I looked up at her and saw how truly beautiful she was. She had tears in her eyes and offered me her hand. “I know that no amount of apologizing will bring him back, but we can at least take his truck.” I just nodded. “What was his name?” she quietly asked after a moment.
“Allen,” I mumbled. “Allen Troy Benning.”
“That’s lovely,” she took my hand and we slowly walked to Dallas’ truck. I watched him maneuver the truck through tight spaces until it was right next to us.
“I’ll take this one. Tara, follow me and you drive my truck. I’m sorry Dex. I know it means nothing, but I really am sorry. I can’t even imagine…” His voice cracked and he stared at Tara, before turning away.
We hopped into the truck and by then I was numb. I ran out of tears and just stared out the window as we drove in silence. I tried to see if I could find him but for some reason there weren’t any bodies. Maybe he made it! We pulled into the city and wandered through the streets until we came to a big gate. A man jumped down and smiled.
“More survivors!” He shouted jovially. A few people came out from behind the gate to greet us. Tara ran up to the man and gave him a giant hug. I heard her quietly ask the man about an Allen Troy Benning, but he nodded his head, no. I looked down. My last hope was shattered.
“Are you alright ma’am?” The man gently asked, “Come with me, honey. We’ll take you to the doctor.”

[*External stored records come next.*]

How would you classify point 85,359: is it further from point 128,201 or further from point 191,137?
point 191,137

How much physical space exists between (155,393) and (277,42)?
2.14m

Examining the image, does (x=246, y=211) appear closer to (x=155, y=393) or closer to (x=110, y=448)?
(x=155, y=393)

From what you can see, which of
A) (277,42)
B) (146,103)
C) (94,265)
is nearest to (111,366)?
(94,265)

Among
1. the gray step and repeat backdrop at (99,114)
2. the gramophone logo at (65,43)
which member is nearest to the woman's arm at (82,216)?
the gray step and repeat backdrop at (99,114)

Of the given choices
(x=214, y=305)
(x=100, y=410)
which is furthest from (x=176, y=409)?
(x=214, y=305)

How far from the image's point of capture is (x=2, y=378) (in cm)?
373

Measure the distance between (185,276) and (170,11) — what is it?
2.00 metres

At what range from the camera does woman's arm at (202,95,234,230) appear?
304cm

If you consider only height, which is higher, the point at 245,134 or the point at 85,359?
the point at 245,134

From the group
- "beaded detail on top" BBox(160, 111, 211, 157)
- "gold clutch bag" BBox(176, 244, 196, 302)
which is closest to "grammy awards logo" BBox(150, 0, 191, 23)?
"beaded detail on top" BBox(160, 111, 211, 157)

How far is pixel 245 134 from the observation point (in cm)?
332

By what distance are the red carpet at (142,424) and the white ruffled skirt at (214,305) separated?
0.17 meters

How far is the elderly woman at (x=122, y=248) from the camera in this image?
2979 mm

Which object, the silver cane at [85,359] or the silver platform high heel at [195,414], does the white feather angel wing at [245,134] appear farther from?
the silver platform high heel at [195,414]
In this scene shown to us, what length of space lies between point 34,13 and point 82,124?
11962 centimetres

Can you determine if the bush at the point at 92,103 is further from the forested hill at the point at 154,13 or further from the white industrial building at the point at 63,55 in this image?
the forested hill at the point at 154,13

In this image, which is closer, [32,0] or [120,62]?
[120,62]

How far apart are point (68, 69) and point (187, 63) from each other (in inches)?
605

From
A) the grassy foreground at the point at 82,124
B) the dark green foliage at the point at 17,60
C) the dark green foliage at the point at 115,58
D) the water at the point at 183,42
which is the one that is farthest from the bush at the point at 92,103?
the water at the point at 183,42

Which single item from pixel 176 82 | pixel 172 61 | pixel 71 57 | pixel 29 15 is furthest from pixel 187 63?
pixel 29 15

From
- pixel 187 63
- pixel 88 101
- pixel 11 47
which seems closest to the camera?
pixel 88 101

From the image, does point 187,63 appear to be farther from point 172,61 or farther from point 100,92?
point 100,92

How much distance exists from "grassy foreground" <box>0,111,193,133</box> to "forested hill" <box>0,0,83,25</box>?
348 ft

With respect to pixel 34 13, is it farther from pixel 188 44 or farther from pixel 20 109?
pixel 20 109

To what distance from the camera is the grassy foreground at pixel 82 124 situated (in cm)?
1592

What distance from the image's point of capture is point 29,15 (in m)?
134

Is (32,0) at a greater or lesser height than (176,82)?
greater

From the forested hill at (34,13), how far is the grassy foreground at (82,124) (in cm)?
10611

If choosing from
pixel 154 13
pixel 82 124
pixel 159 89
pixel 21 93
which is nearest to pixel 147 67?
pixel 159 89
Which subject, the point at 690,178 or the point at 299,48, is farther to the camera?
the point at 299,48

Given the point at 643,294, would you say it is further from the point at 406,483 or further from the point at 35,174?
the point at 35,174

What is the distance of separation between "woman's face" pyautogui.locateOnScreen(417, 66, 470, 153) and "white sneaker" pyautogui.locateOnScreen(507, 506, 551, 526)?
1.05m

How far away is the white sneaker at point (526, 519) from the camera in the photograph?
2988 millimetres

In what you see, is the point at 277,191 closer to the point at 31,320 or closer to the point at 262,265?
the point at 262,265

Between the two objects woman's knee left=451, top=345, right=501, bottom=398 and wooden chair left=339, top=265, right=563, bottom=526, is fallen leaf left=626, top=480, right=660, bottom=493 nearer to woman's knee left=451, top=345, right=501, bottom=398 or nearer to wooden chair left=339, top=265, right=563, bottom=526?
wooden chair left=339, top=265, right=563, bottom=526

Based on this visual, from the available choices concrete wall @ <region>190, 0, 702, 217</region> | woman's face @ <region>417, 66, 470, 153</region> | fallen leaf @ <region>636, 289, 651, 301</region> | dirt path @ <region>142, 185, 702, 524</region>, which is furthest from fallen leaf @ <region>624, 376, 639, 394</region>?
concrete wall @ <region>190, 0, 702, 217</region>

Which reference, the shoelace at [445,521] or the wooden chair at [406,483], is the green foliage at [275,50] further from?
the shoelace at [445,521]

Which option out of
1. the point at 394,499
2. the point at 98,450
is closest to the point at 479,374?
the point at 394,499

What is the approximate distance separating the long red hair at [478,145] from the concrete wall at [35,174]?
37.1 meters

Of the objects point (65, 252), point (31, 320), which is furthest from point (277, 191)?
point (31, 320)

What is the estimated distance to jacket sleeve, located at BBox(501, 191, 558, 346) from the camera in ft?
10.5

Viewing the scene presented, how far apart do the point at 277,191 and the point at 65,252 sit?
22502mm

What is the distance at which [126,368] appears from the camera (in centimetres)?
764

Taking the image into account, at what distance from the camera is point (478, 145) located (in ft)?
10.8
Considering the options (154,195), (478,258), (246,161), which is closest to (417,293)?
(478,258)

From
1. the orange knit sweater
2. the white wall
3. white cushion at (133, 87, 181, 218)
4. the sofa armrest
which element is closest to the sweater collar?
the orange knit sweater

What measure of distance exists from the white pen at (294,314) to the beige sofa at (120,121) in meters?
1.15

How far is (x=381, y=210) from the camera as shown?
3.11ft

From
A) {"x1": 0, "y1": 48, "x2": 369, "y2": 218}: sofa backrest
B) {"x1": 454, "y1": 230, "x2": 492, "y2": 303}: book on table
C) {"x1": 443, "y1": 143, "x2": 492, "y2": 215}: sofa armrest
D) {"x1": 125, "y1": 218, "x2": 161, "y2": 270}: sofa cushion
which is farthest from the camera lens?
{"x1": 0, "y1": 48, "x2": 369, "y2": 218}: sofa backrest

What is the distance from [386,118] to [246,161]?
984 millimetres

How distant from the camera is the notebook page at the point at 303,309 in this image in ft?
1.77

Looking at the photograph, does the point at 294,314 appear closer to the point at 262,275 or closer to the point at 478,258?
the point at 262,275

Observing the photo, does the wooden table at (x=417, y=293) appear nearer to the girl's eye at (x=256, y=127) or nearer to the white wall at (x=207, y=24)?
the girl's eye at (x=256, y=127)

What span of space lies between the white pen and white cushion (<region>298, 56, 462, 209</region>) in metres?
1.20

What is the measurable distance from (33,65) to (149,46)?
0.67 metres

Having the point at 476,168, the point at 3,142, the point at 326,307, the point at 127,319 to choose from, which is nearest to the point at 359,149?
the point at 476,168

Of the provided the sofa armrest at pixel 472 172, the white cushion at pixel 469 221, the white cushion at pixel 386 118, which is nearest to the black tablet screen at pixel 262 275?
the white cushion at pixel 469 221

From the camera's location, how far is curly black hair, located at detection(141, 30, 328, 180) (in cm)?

Tara and Dallas followed me to the medical center. As soon as I laid down, I fell asleep with the envelope still clutched to my heart.
?
Six Years Later
The sun burns my shoulders and a warm, salty breeze caresses my face as I write. I look out to the sea to take a break from my journal. I’ve finally decided to record my experience so that people will know what happened. The pain isn’t gone. It never will go away, but I’ve learned to live with it. I just write about all of my memories with Allen. I’ve written about all about what led me to this moment. We decided to move back to the ocean. The population has grown significantly so people have spread out, but are only allowed to stay in states that border New York. I moved to New Jersey because Connecticut was full of too many painful memories. The rest of the world was hit with the plague too. Each country has managed to form small communities and is slowly building humanity back up. There are about sixty people living in this city with me. I see Tara and Dallas a lot. They live several miles up the street. They got married about a year after we found people. They even have a little boy named Ben now.
“Mama?”
Carina taps my shoulder a few times, interrupting my train of thought. “Yes, baby?” I look into her dark blue eyes. Her curly blonde hair is in high, little pigtails.
“Look!” She holds out her precious little hand. A big, ugly oyster sits on her miniature palm.
“Open it!”
She pries the shell open and a tiny little pearl falls into the sand.
Carina squeals with delight and picks up the glimmering pearl.
“Your daddy loved pearls. I wore some on our wedding day. Someday, when you meet your prince charming, I’ll give you those pearls and you can wear them on your wedding day.”
“Mama, what was daddy like?”
I swallow the rock in my throat. “Well your daddy was very tall, kinda like you!” I poke her little, button nose. “He had short brown hair and blue eyes. His favorite food was spaghetti and he adored the color yellow.”
“Like our truck?”
“Just like.”
She suddenly runs back down to the beach, right next to the ocean. The water splashes over her toes. She laughs and her smile mimics Allen’s. I look at her and see pure beauty. I will always love my little girl and I will never forget how she came into this world, but it’s also time to move forward.